Even when everyone’s in the family room watching TV, it’s only connected to Netflix and not to cable, since news is often a trigger.

  • Another causal claim. There is no basis provided for the claim that news often triggers PTSD. Although this may be true in Caleb’s case, it shouldn’t be generalized to all PTSD sufferers. 

This PTSD picture is worse than some, but much better, Brannan knows, than those that have devolved into drug addiction and rehab stints and relapses.

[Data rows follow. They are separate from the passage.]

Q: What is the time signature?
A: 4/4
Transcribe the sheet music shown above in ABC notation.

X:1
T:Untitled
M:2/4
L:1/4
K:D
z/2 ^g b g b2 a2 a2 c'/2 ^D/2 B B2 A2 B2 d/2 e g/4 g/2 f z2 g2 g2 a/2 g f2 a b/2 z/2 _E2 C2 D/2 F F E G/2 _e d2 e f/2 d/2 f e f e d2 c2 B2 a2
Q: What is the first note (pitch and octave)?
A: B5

  • Just because some PTSD sufferers are on drugs does not make their situation worse than that of the Vines family. For instance, a PTSD afflicted soldier may latch onto drugs as a way of calming his symptoms, entering perhaps a comatose state to clear his mind. This could prevent him from hurting his family or engaging in violence. On the other hand, the drug free Caleb Vines constantly has his family on edge. It’s hard to say one is worse than the other: a drug-addled soldier whose mind is in far away, mystical lands or a clean Caleb who is ready to murder at the sound of a bug hitting the window.

They don’t know why some other guys in his unit who did and saw the same stuff that Caleb did and saw are fine but Caleb is so sensitive to light, why he can’t just watch the news like a regular person without feeling as if he might catch fire.

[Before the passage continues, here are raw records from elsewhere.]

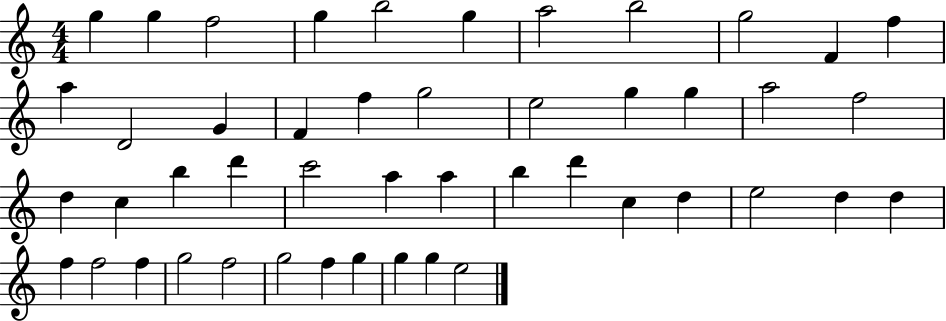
{
  \clef treble
  \numericTimeSignature
  \time 4/4
  \key c \major
  g''4 g''4 f''2 | g''4 b''2 g''4 | a''2 b''2 | g''2 f'4 f''4 | \break a''4 d'2 g'4 | f'4 f''4 g''2 | e''2 g''4 g''4 | a''2 f''2 | \break d''4 c''4 b''4 d'''4 | c'''2 a''4 a''4 | b''4 d'''4 c''4 d''4 | e''2 d''4 d''4 | \break f''4 f''2 f''4 | g''2 f''2 | g''2 f''4 g''4 | g''4 g''4 e''2 | \break \bar "|."
}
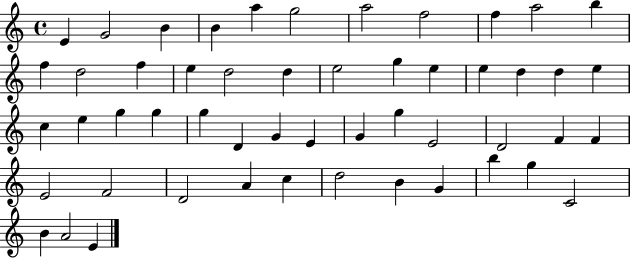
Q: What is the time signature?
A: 4/4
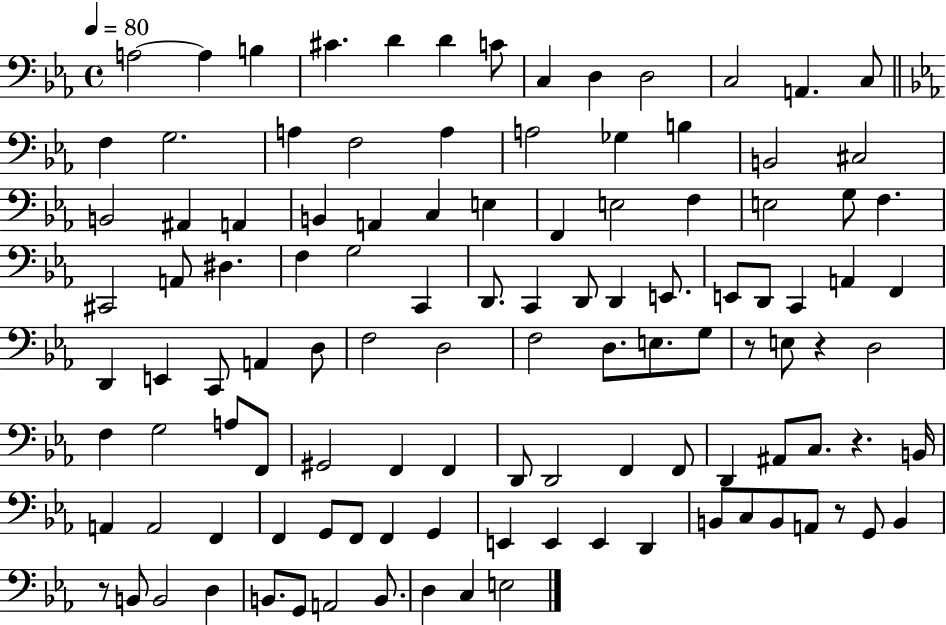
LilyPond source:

{
  \clef bass
  \time 4/4
  \defaultTimeSignature
  \key ees \major
  \tempo 4 = 80
  a2~~ a4 b4 | cis'4. d'4 d'4 c'8 | c4 d4 d2 | c2 a,4. c8 | \break \bar "||" \break \key c \minor f4 g2. | a4 f2 a4 | a2 ges4 b4 | b,2 cis2 | \break b,2 ais,4 a,4 | b,4 a,4 c4 e4 | f,4 e2 f4 | e2 g8 f4. | \break cis,2 a,8 dis4. | f4 g2 c,4 | d,8. c,4 d,8 d,4 e,8. | e,8 d,8 c,4 a,4 f,4 | \break d,4 e,4 c,8 a,4 d8 | f2 d2 | f2 d8. e8. g8 | r8 e8 r4 d2 | \break f4 g2 a8 f,8 | gis,2 f,4 f,4 | d,8 d,2 f,4 f,8 | d,4 ais,8 c8. r4. b,16 | \break a,4 a,2 f,4 | f,4 g,8 f,8 f,4 g,4 | e,4 e,4 e,4 d,4 | b,8 c8 b,8 a,8 r8 g,8 b,4 | \break r8 b,8 b,2 d4 | b,8. g,8 a,2 b,8. | d4 c4 e2 | \bar "|."
}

  • “Fine” is a subjective term. These men who were in Caleb’s unit could be dealing with raging inner demons, and perhaps they just don’t display it as outwardly as Caleb.

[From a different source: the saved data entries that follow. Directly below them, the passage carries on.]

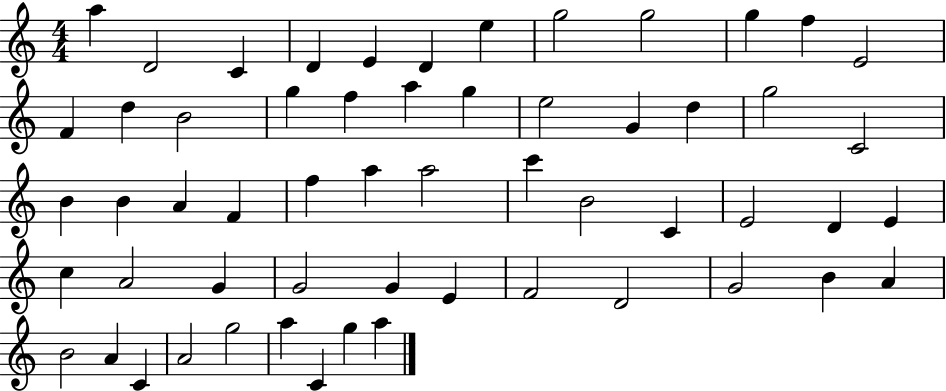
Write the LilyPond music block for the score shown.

{
  \clef treble
  \numericTimeSignature
  \time 4/4
  \key c \major
  a''4 d'2 c'4 | d'4 e'4 d'4 e''4 | g''2 g''2 | g''4 f''4 e'2 | \break f'4 d''4 b'2 | g''4 f''4 a''4 g''4 | e''2 g'4 d''4 | g''2 c'2 | \break b'4 b'4 a'4 f'4 | f''4 a''4 a''2 | c'''4 b'2 c'4 | e'2 d'4 e'4 | \break c''4 a'2 g'4 | g'2 g'4 e'4 | f'2 d'2 | g'2 b'4 a'4 | \break b'2 a'4 c'4 | a'2 g''2 | a''4 c'4 g''4 a''4 | \bar "|."
}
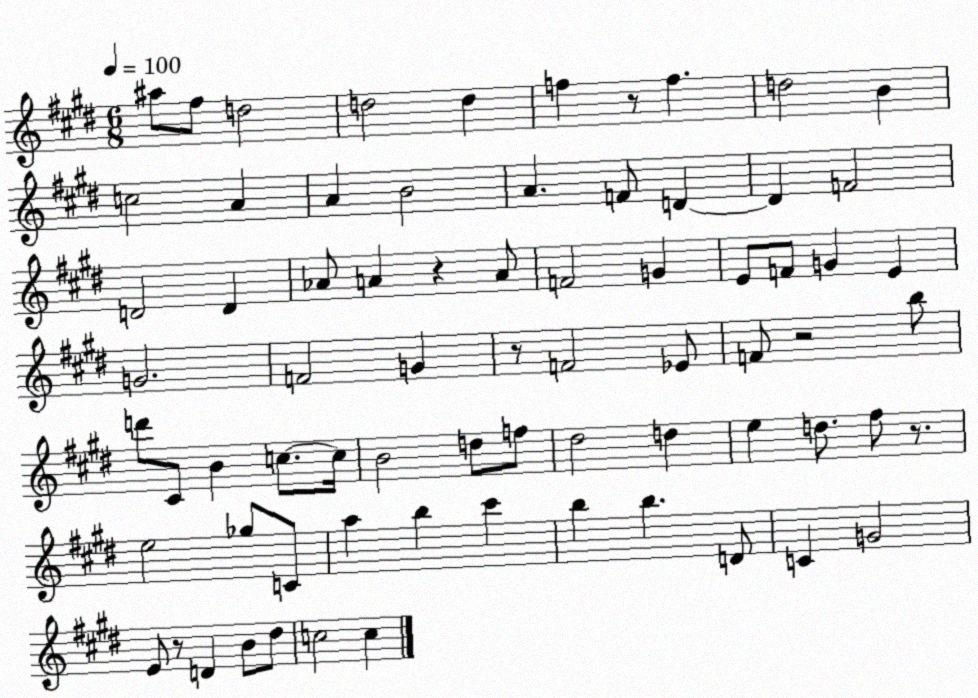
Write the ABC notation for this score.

X:1
T:Untitled
M:6/8
L:1/4
K:E
^a/2 ^f/2 d2 d2 d f z/2 f d2 B c2 A A B2 A F/2 D D F2 D2 D _A/2 A z A/2 F2 G E/2 F/2 G E G2 F2 G z/2 F2 _E/2 F/2 z2 b/2 d'/2 ^C/2 B c/2 c/4 B2 d/2 f/2 ^d2 d e d/2 ^f/2 z/2 e2 _g/2 C/2 a b ^c' b b D/2 C G2 E/2 z/2 D B/2 ^d/2 c2 c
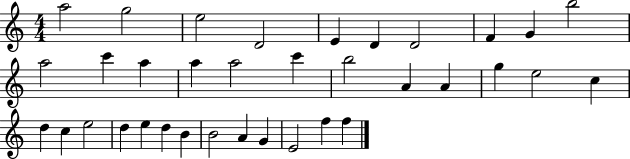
{
  \clef treble
  \numericTimeSignature
  \time 4/4
  \key c \major
  a''2 g''2 | e''2 d'2 | e'4 d'4 d'2 | f'4 g'4 b''2 | \break a''2 c'''4 a''4 | a''4 a''2 c'''4 | b''2 a'4 a'4 | g''4 e''2 c''4 | \break d''4 c''4 e''2 | d''4 e''4 d''4 b'4 | b'2 a'4 g'4 | e'2 f''4 f''4 | \break \bar "|."
}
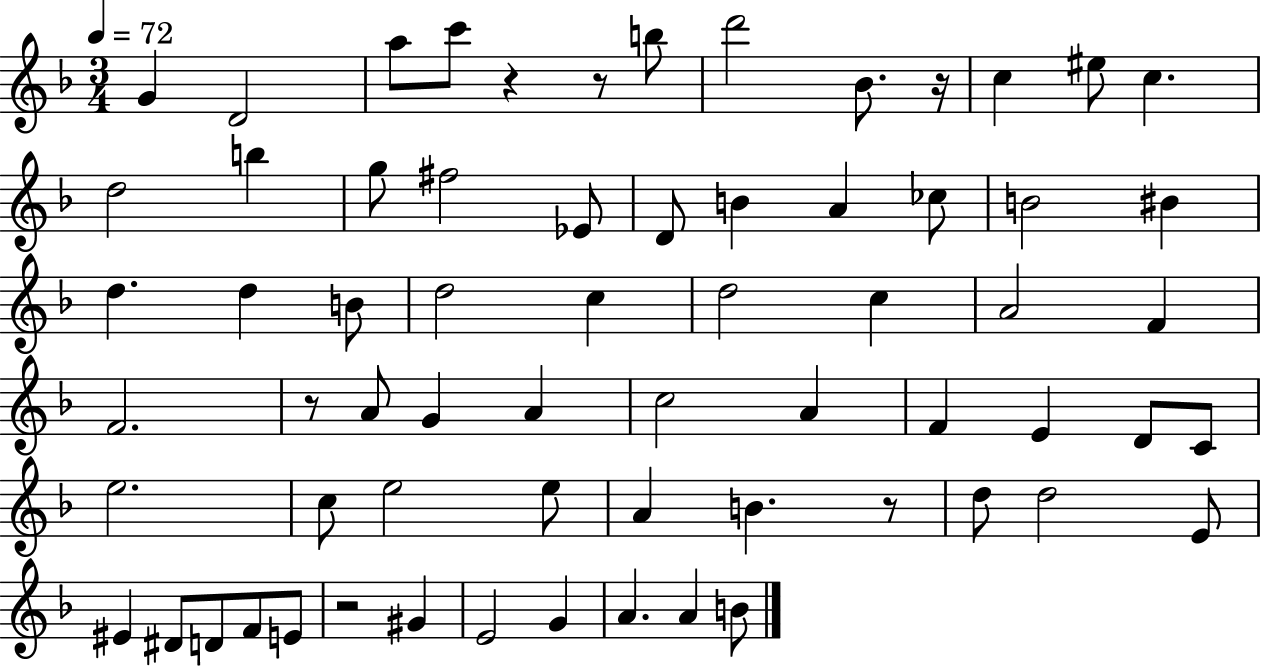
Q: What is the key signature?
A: F major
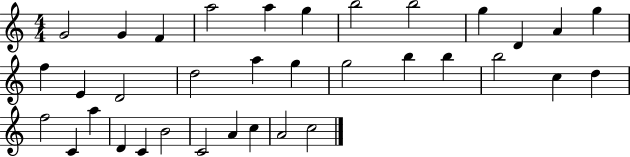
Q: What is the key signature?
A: C major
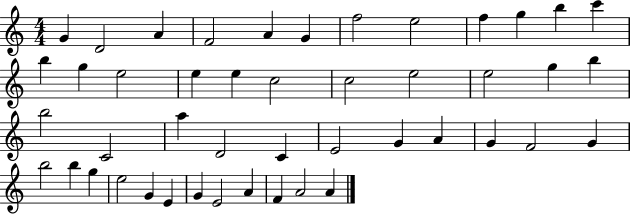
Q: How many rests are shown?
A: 0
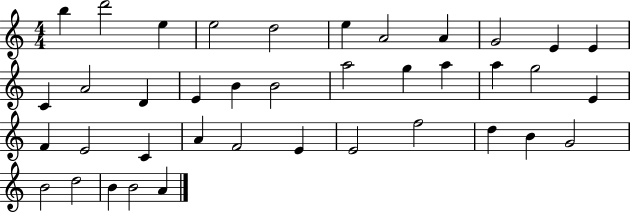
B5/q D6/h E5/q E5/h D5/h E5/q A4/h A4/q G4/h E4/q E4/q C4/q A4/h D4/q E4/q B4/q B4/h A5/h G5/q A5/q A5/q G5/h E4/q F4/q E4/h C4/q A4/q F4/h E4/q E4/h F5/h D5/q B4/q G4/h B4/h D5/h B4/q B4/h A4/q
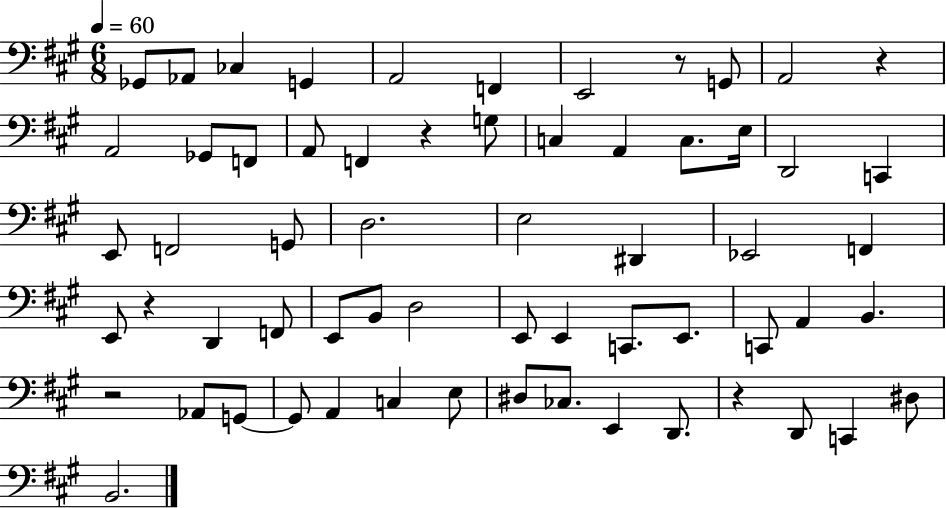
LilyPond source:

{
  \clef bass
  \numericTimeSignature
  \time 6/8
  \key a \major
  \tempo 4 = 60
  ges,8 aes,8 ces4 g,4 | a,2 f,4 | e,2 r8 g,8 | a,2 r4 | \break a,2 ges,8 f,8 | a,8 f,4 r4 g8 | c4 a,4 c8. e16 | d,2 c,4 | \break e,8 f,2 g,8 | d2. | e2 dis,4 | ees,2 f,4 | \break e,8 r4 d,4 f,8 | e,8 b,8 d2 | e,8 e,4 c,8. e,8. | c,8 a,4 b,4. | \break r2 aes,8 g,8~~ | g,8 a,4 c4 e8 | dis8 ces8. e,4 d,8. | r4 d,8 c,4 dis8 | \break b,2. | \bar "|."
}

Civil War doctors, who couldn’t think of any other thing that might be unpleasant about fighting the Civil War but homesickness, diagnosed thousands with “nostalgia.”

  • Although this may be McClelland’s attempt at sarcasm, this claim states that Civil War doctors only accounted for homesickness as the sole ail of a soldier, overlooking torments like witnessing murders, dodging bullets, or experiencing excruciating bodily injuries. It would seem more likely than not that these doctors took all of the other aspects of war time into account when diagnosing soldiers.

“Trauma is a contagious disease; it affects everyone that has close contact with a traumatized person” in some form or another, to varying degrees and for different lengths of time.

  • This categorical claim is making PTSD out to be some sort of extremely contagious disease on par with measles. “It affects everyone that has close contact with a traumatized person” can conjure up images of people who pass a soldier with PTSD in a grocery store becoming afflicted with the condition. Although it did state “close” contact, it should make it clear that the intended example is that of family members, or those who interact with the person on a daily basis.

“Katie Vines.” Brannan was born here in Alabama, so that’s drawled.

  • This assumes all Alabamians fall under the Southern accent category. Although most do, it can not just be inferred that Brannan Vines speaks with a drawl because she is from Alabama. I could not just say a soldier went to Iraq, so he has PTSD. Geographic influences do not apply to all denizens of the area.